All that stuff is cool. But what’s this? A give away “prize competition”, “happy Friday cupcake” picture, a “lol”, “omg”, a caption quiz, a maths conundrum, and on and on . . . . Not what I was looking for, not what I was expecting and now a jungle of stuff that I have to navigate through to find the real voices that I was so looking forward to.
I guess I’m guilty of a “like” or two on these types of “fun” posts, but it dawned on me, what the heck, I want to distinguish between my professional working social network and my more private fun network. I’ll buy the Time newspaper to be more fully informed and the Daily Mail for a joke. I have a choice based upon the publications editorial practice and positioning. On Social Media, self-governed editorial practice rules this could become a problem!
Is it inevitable that all Social Networks will merge? Is it that our lives will be unable to distinguish between work, play and family time and zones? Broadsheets v’s Tabloids! The tracking of our likes, responses and posts are all part of your social media history and build a picture of us as a person, a professional, our values, interests, views, beliefs, likes and dislikes.

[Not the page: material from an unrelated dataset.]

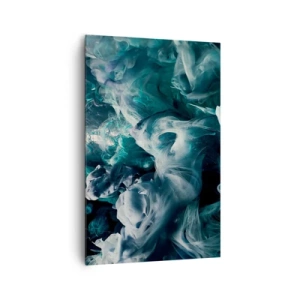 Cuadro sobre lienzo - Impresión de Imagen - Ondas abstractas dinámicas en tonos azules y blancos. - 80x120cm - Un movimiento de color - Decoración de pared moderna para salón y dormitorio ARTTOR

I do think for LinkedIn members as a starting point your profile and activity history is a fundamental part of a business transaction worth, a professional currency. Linkedin should be professional fun yes, engaging and assuming content yes, but ultimately business related . . . So we should “Like”, we should “Comment” and we should “Share”. But I worry as to where this is going. So should I be worried? Am I overreacting? Help get me out of here I have my serious hat on!